A student of J. von Liebig’s, Erlenmeyer graduated from the University of Giessen in 1851. He was a professor at the University of Heidelburg from 1863 to 1868 and at the Polytechnikum in Munich from 1868 to 1883. He became a member of the Bavarian Academy of Sciences in 1873.

In 1865, Erlenmeyer obtained isobutyric acid, and in 1868 he synthesized guanidine. In 1880, independently of A. P. El’tekov, he established the spontaneous conversion of enols into isomeric aldehydes and ketones (seeELTEKOV RULE), and in 1866 he proposed the structural formula of naphthalene.
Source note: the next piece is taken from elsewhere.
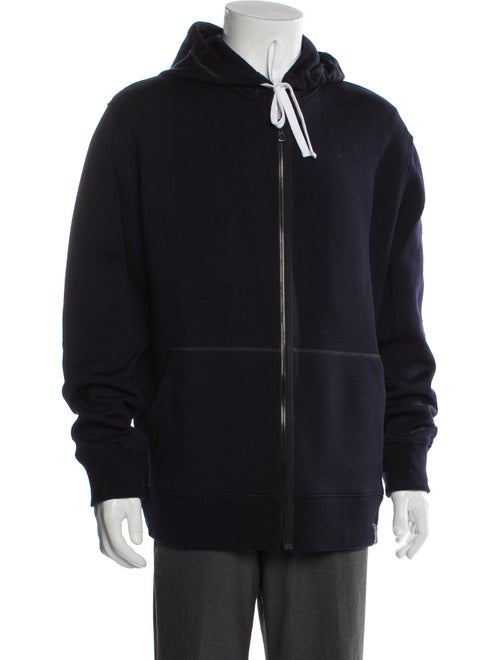 Lanvin Virgin Wool Crew Neck Hoodie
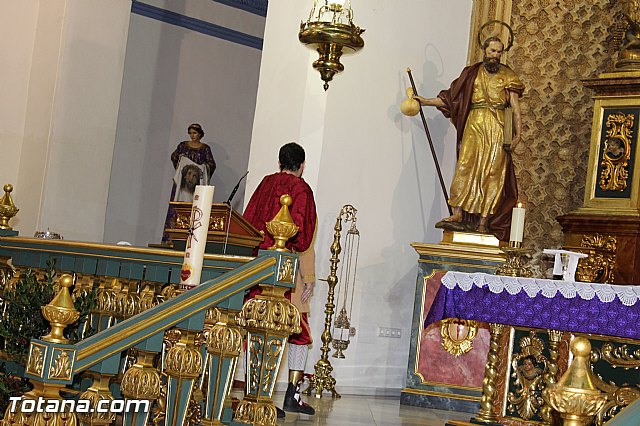 Ofrenda floral de los Armaos a Santa Eulalia - 106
Erlenmeyer studied the pinacol rearrangement in 1881. He established the structure of many organic compounds, mainly alcohols and carboxylic acids, and he synthesized several α-amino acids, including tyrosine (1883). Erlenmeyer introduced the use of the Erlenmeyer flask and the gas furnace into organic elemental analysis.

REFERENCES

Guia, M. Istoriia khimii [2nd ed.]. Moscow, 1975. (Translated from Italian.)
Bykov, G. V. Istoriia organicheskoi khimii: Otkrylie vazhneishikh organicheskikh soedinenii. Moscow, 1978.